This question is an offshoot of this earlier MSE question.
Let $\sigma(z)$ denote the sum of divisors of $z \in \mathbb{N}$, the set of positive integers. Denote the abundancy index of $z$ by $I(z) := \sigma(z)/z$.
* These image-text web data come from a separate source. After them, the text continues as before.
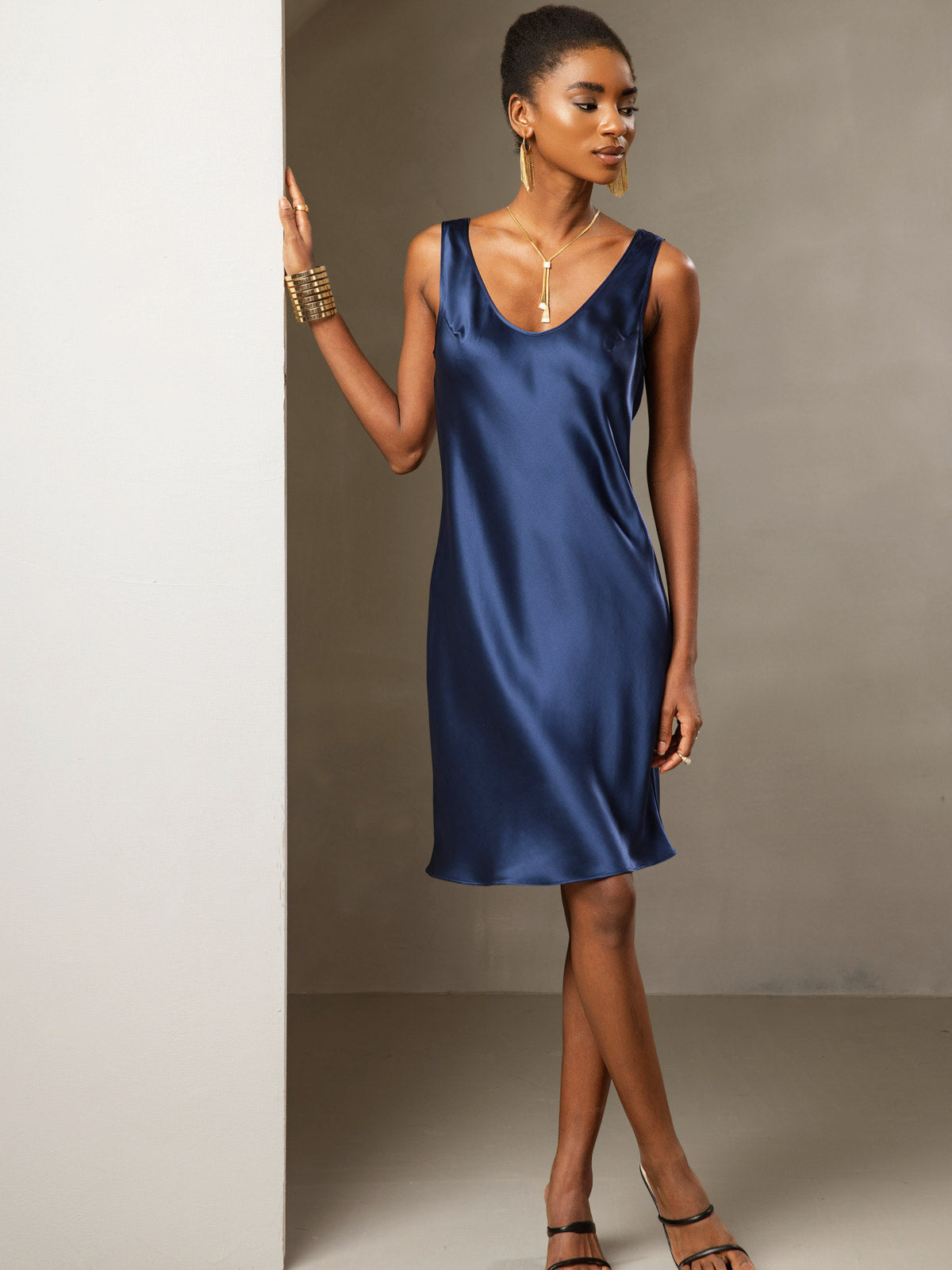 SilkSilky US Pure Silk Sleeveless Round Neck Dress DarkBlue 006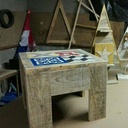 Table de salon en bois de récupération carreaux de ciment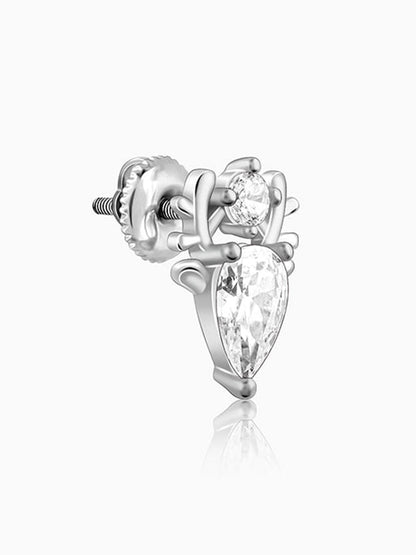 Silver Zirconia Deer Earrings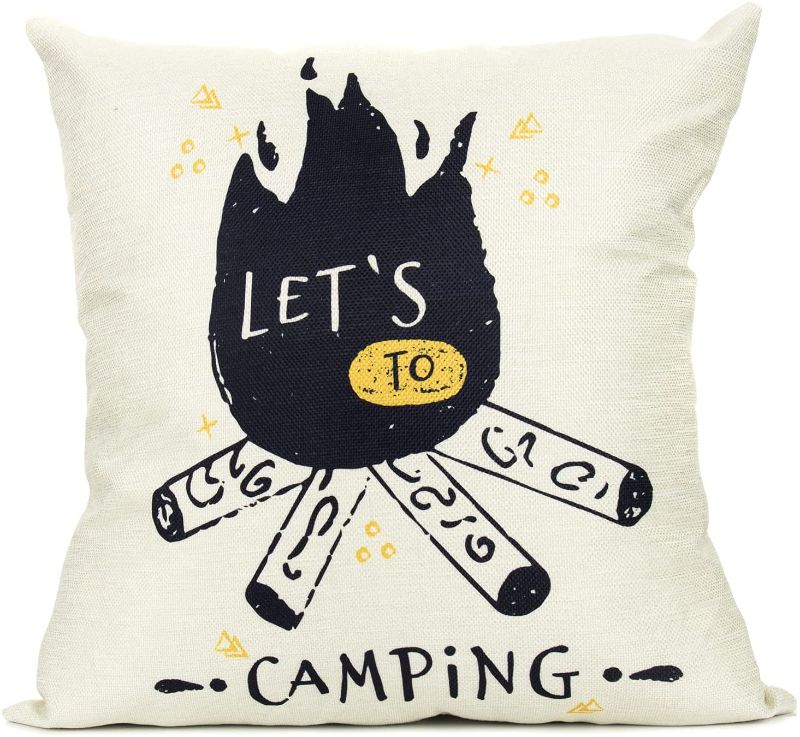 Photo 1 of Arundeal Decorative Throw Pillow Case Covers, 18" x 18", Let's to Camping Campfire, for Camper
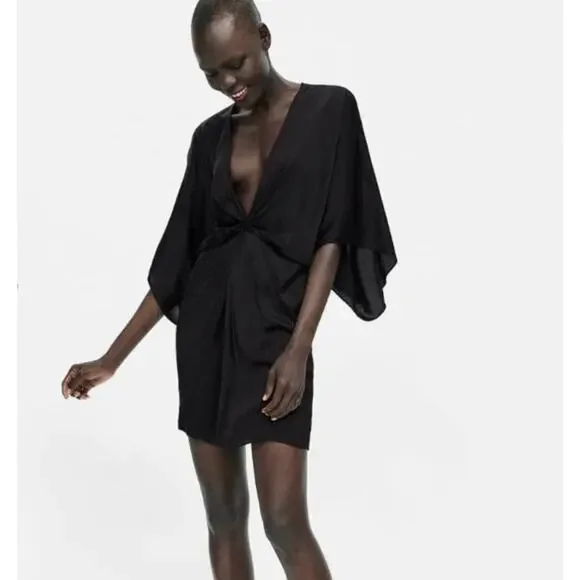 NWT Zara Satin Knotted Black Bat Wing Dress Mini sz M - Picture 2 of 12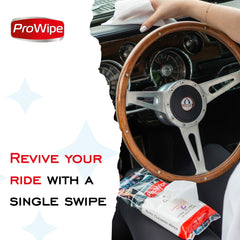 ProWipe Car Interior Cleaning Wipes - Residue-Free, Streak & Scratch Free Dash Cleaner - All Around Car Cleaning Pads for Dashboard and Upholstery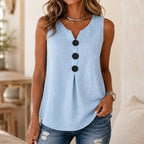 Isbeth | Women's V-Neck Button-Front Sleeveless Tank Top
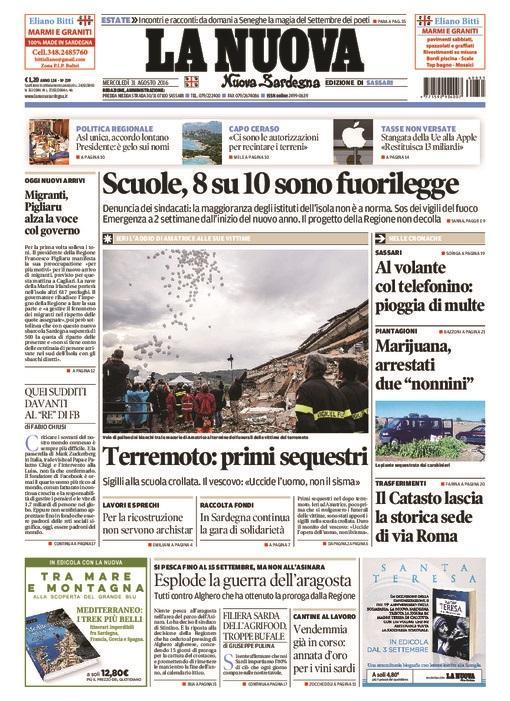 La Nuova Sardegna - Prima pagina - 31 agosto 2016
If $N={p^k}{m^2}$ is an odd perfect number with Euler prime $p$ satisfying $p \equiv k \equiv 1 \pmod 4$ and $\gcd(p,m)=1$, then it is somewhat trivial to prove that $$3 - \dfrac{p - 2}{p(p-1)} = \dfrac{3p^2 - 4p + 2}{p(p-1)} < I(p^k) + I(m^2) \leq \dfrac{3p^2 + 2p + 1}{p(p+1)} = 3 - \frac{p - 1}{p(p+1)}.$$ Now, setting $x := 3 - \bigg(I(p^k) + I(m^2)\bigg)$, we have the simultaneous inequalities $$\dfrac{p-1}{p(p+1)} \leq x < \dfrac{p - 2}{p(p - 1)}$$ resulting in the inequalities $$\begin{cases} { (p - 2) > xp(p-1) \\ (p - 1) \leq xp(p+1). } \end{cases}$$
Notice that it is known that $$\dfrac{57}{20} < I(p^k)+I(m^2) < 3$$ so that we know that $$0 < x < \dfrac{3}{20}.$$
We now solve the inequalities one by one.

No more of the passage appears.